100 Politiker aus 15 Nationen unterzeichneten Brief, der am Mittwoch an den US-Präsidenten übergeben wurde

Wien (OTS) - Washington-Wien, 22.12.10 (PEW) Eine Gruppe von 100
Parlamentariern aus aller Welt hat in einem dringenden Schreiben an
Präsident Barack Obama an die US-Regierung appelliert, den Schutz der
Christen und anderer religiöser Minderheiten im Irak und im ganzen
Nahen und Mittleren Osten zur absoluten Priorität zu erklären. Die
christliche Gemeinschaft habe im Irak Jahrhunderte hindurch eine
wichtige stabilisierende Rolle im politischen und wirtschaftlichen
Bereich gehabt; die Verfolgung der Christen bedrohe jetzt die
Grundlage der Demokratie im Irak. Das Überleben einer pluralistischen
Gesellschaft im Irak hänge davon ab, ob die Christen und Angehörige
anderer religiöser Minderheiten (Mandäer, Jezidis usw.) im Land frei
"ohne Furcht vor Einschüchterung und brutaler Gewalt" leben können:
"Christen werden aus dem Irak und anderen nahöstlichen Regionen
vertrieben, diese Entwicklung dient nicht dem Frieden und der
Stabilität in dieser bedrängten Region". Abschließend heißt es in dem
Brief: "Den Vereinigten Staaten kommt eine einzigartige
Vorreiterrolle zu, die religiöse Freiheit im Irak und im ganzen Nahen
und Mittleren Osten zu sichern". Der Brief wurde am Mittwoch von
einer Delegation persönlich an Präsident Obama übergeben.

Wörtlich wird in dem Brief der Parlamentarier aus drei Kontinenten
festgestellt: "Wir sind ernsthaft beunruhigt über fortgesetzte
Angriffe auf Kirchen im Irak, einschließlich des jüngsten Überfalls
auf die syrisch-katholische Kathedrale in Bagdad-Qarrada. Wir sind
entsetzt über die grausamen Übergriffe Bewaffneter, die in
christliche Häuser einbrechen und Zivilisten töten, über die
erschütternden Berichte, dass ältere Christen erwürgt in ihren
Wohnungen aufgefunden wurden." Mehr als die Hälfte aller irakischen
Christen seien seit der US-Invasion 2003 gezwungen worden, ihr Land
zu verlassen. Der Exodus finde kein Ende. Tausende von irakischen
Christen würden Woche für Woche aus ihrem Land fliehen.

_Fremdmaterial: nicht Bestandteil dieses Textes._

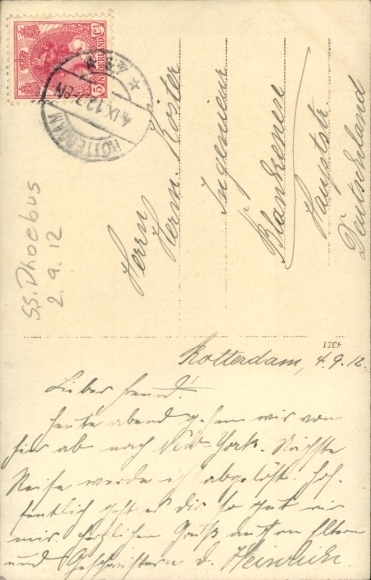foto ansichtkaart matrozen in uniform, SS Phoebus, Rotterdam 2.9.1912
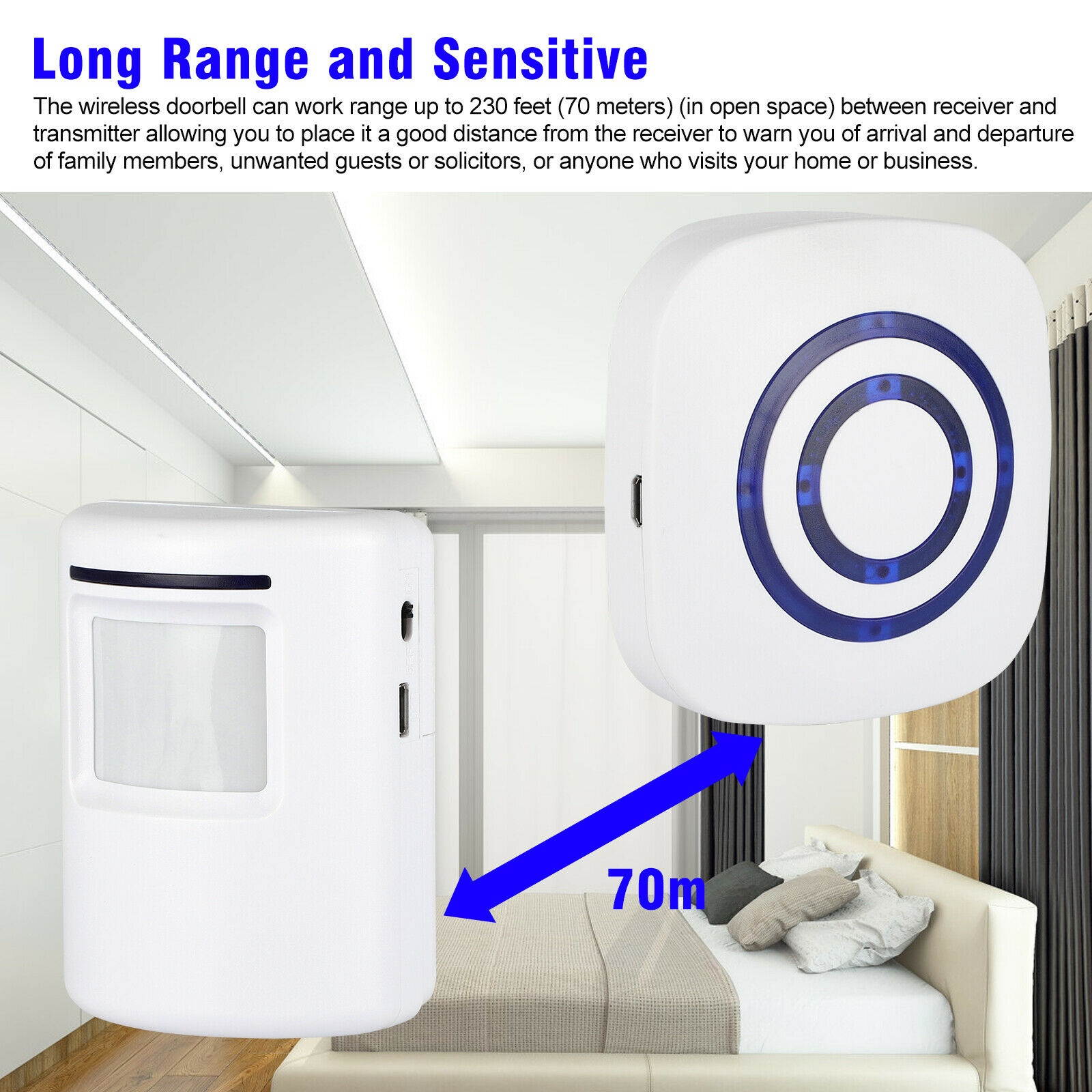 Home Wireless Doorbell Remote Control Battery Operated 58 Tune Chime Receiver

Der Brief ist eine unabhängige Initiative von Parlamentariern aus 15
Nationen. Sie hoffen, damit die US Regierung und deren Verbündete
dafür zu gewinnen, dass sie sich "aktiv und sichtbar" für das Ende
der Christenverfolgung im Irak und im ganzen nahöstlichen Raum
einsetzen. Beteiligt sind Parlamentarier aus den Vereinigten Staaten,
Mexiko, Großbritannien, Deutschland, Frankreich, Italien, Spanien,
der Tschechischen Republik, Ungarn, Litauen, Polen, Irland, Portugal,
Südkorea. "Wir möchten unsere Stimme erheben, um zum Schutz der so
verletzlichen religiösen Minderheiten im Irak in dieser heiklen
Periode des Übergangs beizutragen", heißt es in dem Brief an den
US-Präsidenten: "Wir sind zur Zusammenarbeit mit Ihnen bereit, um die
bisherigen Bemühungen zur Aufklärung religiös motivierter Gewaltakte
und Menschenrechtsverletzungen zu intensivieren bzw. die
Verantwortlichen für all das vor Gericht zu bringen".

Aus Österreich hat die frühere Salzburger Landesrätin Doraja Eberle
unterzeichnet. (forts mgl)

Rückfragehinweis:
Erzdiözese Wien, Öffentlichkeitsarbeit & Kommunikation
Tel. 0664/515 52 69
E-Mail: [email protected]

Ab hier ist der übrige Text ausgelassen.